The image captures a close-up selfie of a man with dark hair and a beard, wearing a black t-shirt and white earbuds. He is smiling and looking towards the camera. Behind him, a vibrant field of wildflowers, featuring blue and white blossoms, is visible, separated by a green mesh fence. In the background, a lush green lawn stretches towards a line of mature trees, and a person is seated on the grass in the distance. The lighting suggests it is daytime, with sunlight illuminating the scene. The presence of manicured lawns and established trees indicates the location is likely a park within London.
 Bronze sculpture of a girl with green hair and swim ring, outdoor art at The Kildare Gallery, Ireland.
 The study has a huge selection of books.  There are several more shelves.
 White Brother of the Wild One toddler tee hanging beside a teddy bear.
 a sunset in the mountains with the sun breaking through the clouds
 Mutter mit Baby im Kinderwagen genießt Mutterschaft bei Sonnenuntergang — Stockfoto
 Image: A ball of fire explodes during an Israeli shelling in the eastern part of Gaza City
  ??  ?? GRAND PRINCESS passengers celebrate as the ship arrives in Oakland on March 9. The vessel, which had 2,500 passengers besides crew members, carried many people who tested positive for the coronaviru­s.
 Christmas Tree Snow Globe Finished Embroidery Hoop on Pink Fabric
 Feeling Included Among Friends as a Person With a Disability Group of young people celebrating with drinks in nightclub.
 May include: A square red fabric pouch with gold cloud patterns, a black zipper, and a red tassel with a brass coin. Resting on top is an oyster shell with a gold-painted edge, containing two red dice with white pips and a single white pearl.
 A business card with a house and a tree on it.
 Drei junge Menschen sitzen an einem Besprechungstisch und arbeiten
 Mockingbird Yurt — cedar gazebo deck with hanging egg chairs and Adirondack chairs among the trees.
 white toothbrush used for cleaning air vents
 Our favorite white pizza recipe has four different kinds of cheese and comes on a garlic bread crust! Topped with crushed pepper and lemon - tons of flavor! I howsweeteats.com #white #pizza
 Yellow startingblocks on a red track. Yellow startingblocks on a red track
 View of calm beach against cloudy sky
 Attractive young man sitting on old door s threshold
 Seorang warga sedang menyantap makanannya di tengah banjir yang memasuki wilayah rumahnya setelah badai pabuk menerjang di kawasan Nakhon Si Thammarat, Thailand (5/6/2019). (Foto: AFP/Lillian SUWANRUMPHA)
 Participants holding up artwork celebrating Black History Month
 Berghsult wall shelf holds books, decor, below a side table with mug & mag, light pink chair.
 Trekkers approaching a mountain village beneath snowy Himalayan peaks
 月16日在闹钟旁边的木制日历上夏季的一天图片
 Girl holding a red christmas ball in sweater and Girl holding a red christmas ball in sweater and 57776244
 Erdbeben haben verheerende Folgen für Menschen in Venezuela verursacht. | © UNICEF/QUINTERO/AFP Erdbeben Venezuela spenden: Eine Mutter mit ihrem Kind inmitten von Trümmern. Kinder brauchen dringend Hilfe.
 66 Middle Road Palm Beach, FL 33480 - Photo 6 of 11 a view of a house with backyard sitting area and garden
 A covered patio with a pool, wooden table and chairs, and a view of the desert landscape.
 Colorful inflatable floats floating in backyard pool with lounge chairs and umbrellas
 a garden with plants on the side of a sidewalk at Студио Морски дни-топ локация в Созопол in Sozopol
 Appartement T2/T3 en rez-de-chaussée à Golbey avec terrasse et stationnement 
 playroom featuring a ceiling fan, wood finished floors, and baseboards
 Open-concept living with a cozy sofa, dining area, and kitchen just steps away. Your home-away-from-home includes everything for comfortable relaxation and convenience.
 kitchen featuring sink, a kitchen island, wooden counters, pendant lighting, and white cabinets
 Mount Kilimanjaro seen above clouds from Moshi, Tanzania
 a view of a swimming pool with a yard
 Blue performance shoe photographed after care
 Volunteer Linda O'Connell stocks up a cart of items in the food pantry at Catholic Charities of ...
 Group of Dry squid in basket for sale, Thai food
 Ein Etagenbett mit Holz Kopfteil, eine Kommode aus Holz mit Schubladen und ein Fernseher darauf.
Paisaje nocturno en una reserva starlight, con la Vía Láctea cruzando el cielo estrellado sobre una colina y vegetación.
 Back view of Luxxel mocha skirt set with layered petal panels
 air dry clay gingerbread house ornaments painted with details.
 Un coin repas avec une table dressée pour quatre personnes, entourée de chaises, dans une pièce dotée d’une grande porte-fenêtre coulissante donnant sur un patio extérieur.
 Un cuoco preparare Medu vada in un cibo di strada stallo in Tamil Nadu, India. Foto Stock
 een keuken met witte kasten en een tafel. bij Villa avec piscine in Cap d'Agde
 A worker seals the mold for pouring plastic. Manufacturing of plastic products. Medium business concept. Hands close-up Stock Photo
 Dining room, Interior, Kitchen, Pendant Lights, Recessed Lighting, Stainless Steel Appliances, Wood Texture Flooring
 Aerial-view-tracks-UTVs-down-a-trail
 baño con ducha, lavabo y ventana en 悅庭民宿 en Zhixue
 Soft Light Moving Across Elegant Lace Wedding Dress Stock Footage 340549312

_ _ _ _

▶ _About this task_: Reproduce the data in full, exactly.

▶ _Final answer_:
The image captures a close-up selfie of a man with dark hair and a beard, wearing a black t-shirt and white earbuds. He is smiling and looking towards the camera. Behind him, a vibrant field of wildflowers, featuring blue and white blossoms, is visible, separated by a green mesh fence. In the background, a lush green lawn stretches towards a line of mature trees, and a person is seated on the grass in the distance. The lighting suggests it is daytime, with sunlight illuminating the scene. The presence of manicured lawns and established trees indicates the location is likely a park within London.
 Bronze sculpture of a girl with green hair and swim ring, outdoor art at The Kildare Gallery, Ireland.
 The study has a huge selection of books.  There are several more shelves.
 White Brother of the Wild One toddler tee hanging beside a teddy bear.
 a sunset in the mountains with the sun breaking through the clouds
 Mutter mit Baby im Kinderwagen genießt Mutterschaft bei Sonnenuntergang — Stockfoto
 Image: A ball of fire explodes during an Israeli shelling in the eastern part of Gaza City
  ??  ?? GRAND PRINCESS passengers celebrate as the ship arrives in Oakland on March 9. The vessel, which had 2,500 passengers besides crew members, carried many people who tested positive for the coronaviru­s.
 Christmas Tree Snow Globe Finished Embroidery Hoop on Pink Fabric
 Feeling Included Among Friends as a Person With a Disability Group of young people celebrating with drinks in nightclub.
 May include: A square red fabric pouch with gold cloud patterns, a black zipper, and a red tassel with a brass coin. Resting on top is an oyster shell with a gold-painted edge, containing two red dice with white pips and a single white pearl.
 A business card with a house and a tree on it.
 Drei junge Menschen sitzen an einem Besprechungstisch und arbeiten
 Mockingbird Yurt — cedar gazebo deck with hanging egg chairs and Adirondack chairs among the trees.
 white toothbrush used for cleaning air vents
 Our favorite white pizza recipe has four different kinds of cheese and comes on a garlic bread crust! Topped with crushed pepper and lemon - tons of flavor! I howsweeteats.com #white #pizza
 Yellow startingblocks on a red track. Yellow startingblocks on a red track
 View of calm beach against cloudy sky
 Attractive young man sitting on old door s threshold
 Seorang warga sedang menyantap makanannya di tengah banjir yang memasuki wilayah rumahnya setelah badai pabuk menerjang di kawasan Nakhon Si Thammarat, Thailand (5/6/2019). (Foto: AFP/Lillian SUWANRUMPHA)
 Participants holding up artwork celebrating Black History Month
 Berghsult wall shelf holds books, decor, below a side table with mug & mag, light pink chair.
 Trekkers approaching a mountain village beneath snowy Himalayan peaks
 月16日在闹钟旁边的木制日历上夏季的一天图片
 Girl holding a red christmas ball in sweater and Girl holding a red christmas ball in sweater and 57776244
 Erdbeben haben verheerende Folgen für Menschen in Venezuela verursacht. | © UNICEF/QUINTERO/AFP Erdbeben Venezuela spenden: Eine Mutter mit ihrem Kind inmitten von Trümmern. Kinder brauchen dringend Hilfe.
 66 Middle Road Palm Beach, FL 33480 - Photo 6 of 11 a view of a house with backyard sitting area and garden
 A covered patio with a pool, wooden table and chairs, and a view of the desert landscape.
 Colorful inflatable floats floating in backyard pool with lounge chairs and umbrellas
 a garden with plants on the side of a sidewalk at Студио Морски дни-топ локация в Созопол in Sozopol
 Appartement T2/T3 en rez-de-chaussée à Golbey avec terrasse et stationnement 
 playroom featuring a ceiling fan, wood finished floors, and baseboards
 Open-concept living with a cozy sofa, dining area, and kitchen just steps away. Your home-away-from-home includes everything for comfortable relaxation and convenience.
 kitchen featuring sink, a kitchen island, wooden counters, pendant lighting, and white cabinets
 Mount Kilimanjaro seen above clouds from Moshi, Tanzania
 a view of a swimming pool with a yard
 Blue performance shoe photographed after care
 Volunteer Linda O'Connell stocks up a cart of items in the food pantry at Catholic Charities of ...
 Group of Dry squid in basket for sale, Thai food
 Ein Etagenbett mit Holz Kopfteil, eine Kommode aus Holz mit Schubladen und ein Fernseher darauf.
Paisaje nocturno en una reserva starlight, con la Vía Láctea cruzando el cielo estrellado sobre una colina y vegetación.
 Back view of Luxxel mocha skirt set with layered petal panels
 air dry clay gingerbread house ornaments painted with details.
 Un coin repas avec une table dressée pour quatre personnes, entourée de chaises, dans une pièce dotée d’une grande porte-fenêtre coulissante donnant sur un patio extérieur.
 Un cuoco preparare Medu vada in un cibo di strada stallo in Tamil Nadu, India. Foto Stock
 een keuken met witte kasten en een tafel. bij Villa avec piscine in Cap d'Agde
 A worker seals the mold for pouring plastic. Manufacturing of plastic products. Medium business concept. Hands close-up Stock Photo
 Dining room, Interior, Kitchen, Pendant Lights, Recessed Lighting, Stainless Steel Appliances, Wood Texture Flooring
 Aerial-view-tracks-UTVs-down-a-trail
 baño con ducha, lavabo y ventana en 悅庭民宿 en Zhixue
 Soft Light Moving Across Elegant Lace Wedding Dress Stock Footage 340549312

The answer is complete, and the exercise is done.